Deine Familie war ja bestimmt nicht sehr begeistert, als du die Schule abgebrochen hast, um Musik zu machen. Wie sehen sie das heute?

Meine Mutter hat mich relativ früh schon darin unterstützt. Natürlich war sie am Anfang total besorgt, aber sie hat schnell gepeilt, dass ich das auch wirklich möchte und da engagiert dahinter bin. Dementsprechend hat sie mich dann auch eher darin unterstützt. Im Nachhinein kriege ich momentan ganz viel Respekt von Leuten, die sagen: „Ey cool, dass du daran geglaubt hast und dahinter gestanden und das durchgezogen hast.“

Und du? Bereust du es manchmal abgebrochen zu haben?
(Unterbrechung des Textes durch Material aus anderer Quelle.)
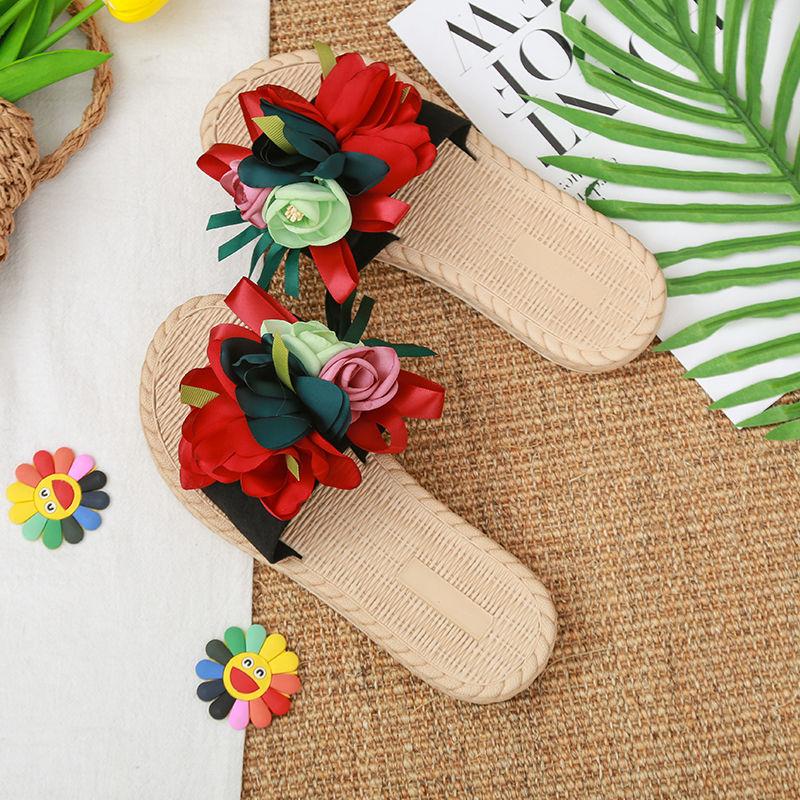 Женские сандалии, летние шлепанцы с искусственными цветами для женщин, нескользящие шлепанцы на толстой подошве, праздничная пляжная обувь, модная обувь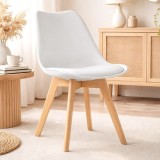 Scaun dining alb Artool Mark, din PP cu picioare din lemn natur, 49x43x82 cm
Nö, nie. Das war zu dem Zeitpunkt auf jeden Fall die beste Entscheidung. Es hat sich damals richtig angefühlt und heute immer noch. Also klar gab’s zwischendurch eine Zeit, bevor ich einen Plattenvertrag hatte, in der ich mich gefragt habe,  ob das jetzt schlau war, aber im Nachhinein hat es sich dann irgendwie ausgezahlt.
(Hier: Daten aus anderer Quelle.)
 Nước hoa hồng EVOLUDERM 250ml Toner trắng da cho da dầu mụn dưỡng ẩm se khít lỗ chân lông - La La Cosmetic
Woher nimmst du die Inspirationen für deine Texte?

Aus dem Leben. Mein Album zum Beispiel: Da hab ich alles irgendwie schon mal erlebt. Es gibt zwei Songs, die sind eher aus der Erfahrung heraus gegriffen, aber jeder Song ist auf jeden Fall ein Erlebnis in irgendeiner Form.

Du warst ja früher auch in einer Band, die mehr in Richtung Punkrock ging. Wie kam der Stilwechsel zu dem soften Pop, den du jetzt machst?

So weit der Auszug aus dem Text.